Your Power is the first single from Eilish’s upcoming album Happier Than Ever, which will be released on July 30th. This single is a more than promising sneak peek into Happier Than Ever.
This is just an instrumental version of the original. I have nothing to say about the song, but I had to include it because the fact that Lil Nas X released this is absolutely hilarious to me.
In her brand new single, Hayley Kiyoko goes on a journey of self love and finding her best friend within herself. Found My Friends’ intro sounds almost like it could be in Stranger Things, and it gives the single a moody, rhythmic tone. But Kiyoko’s pop vocals pair well with the song’s sonics to lighten the mood enough to still make the single fun in nature. At the moment, it is unclear if Found My Friends means a new full length project from Kiyoko, but we can all hope.
I would say I expected better, but I really didn’t. I think someone needs to tell DJ Khaled that it’s not 2016 anymore, because I’m not sure that he’s aware. His once fun and rhythmic summer party tunes featuring the likes of Rihanna have grown increasingly stale over time. Even with a star-studded lineup of features on his newest album KHALED KHALED (Cardi B, Justin Timberlake, Megan Thee Stallion, JAY-Z, etc.), the project is messy and feels out of touch with reality. I don’t expect anything different from DJ Khaled himself, but for so many legitimate artists to take part in this dumpster fire of an album is truly disappointing.
The sheer amount of artists featured on most of the tracks overwhelms the music with too many ideas and voices. Verses from different artists can be really fun— in moderation. KHALED KHALED, and DJ Khaled himself, seem to just think that more is more. The excessive amount of verses from various artists makes the entire project feel extremely manufactured and insincere. DJ Khaled’s music will remain a major Flop unless he’s able to turn things around, which I do not foresee happening anytime soon.

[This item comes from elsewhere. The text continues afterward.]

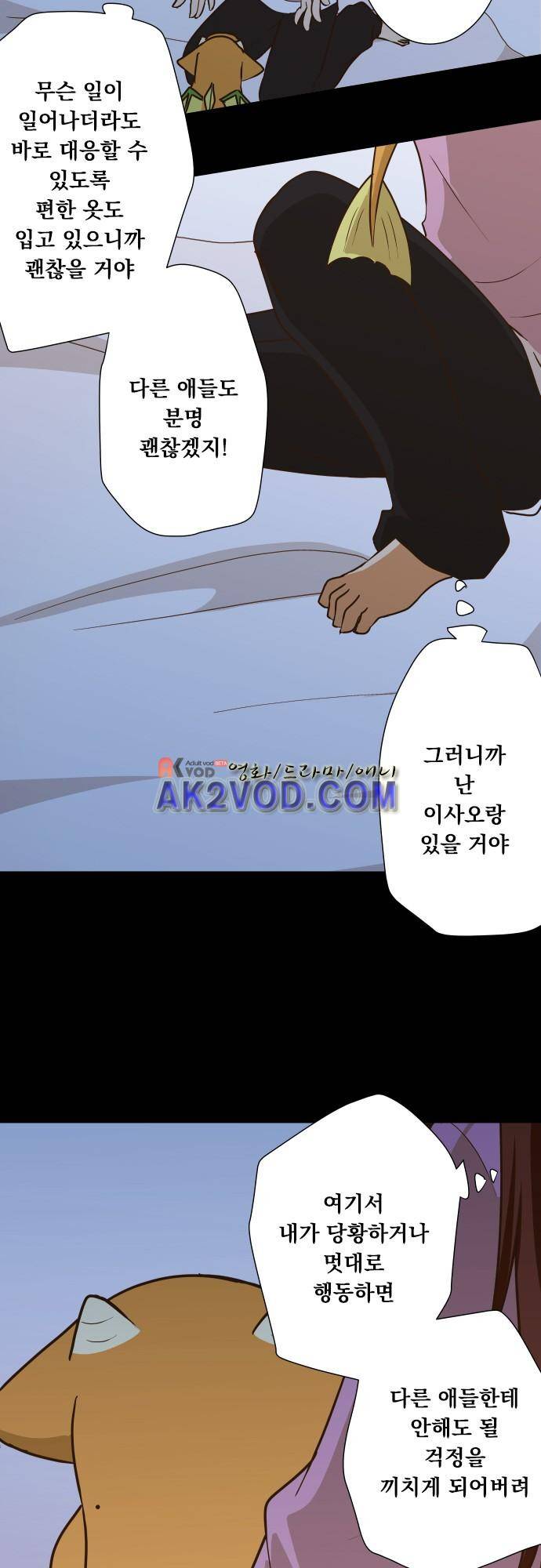 미이라 사육법 152화 7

So not only did H.E.R. collaborate with Chris Brown, but she was also featured on DJ Khaled’s mess of an album this month. What confuses me is what possible motive an incredibly talented, beloved R&B singer has to gain from making mediocre music with irrelevant members of the industry who are notorious for making questionable, at best, decisions. As for Come Through specifically, I am disappointed that H.E.R., who has such a beautiful voice, collaborated with Chris Brown whose voice is autotuned to a comedic extent. Dear H.E.R., do better please; you deserve it.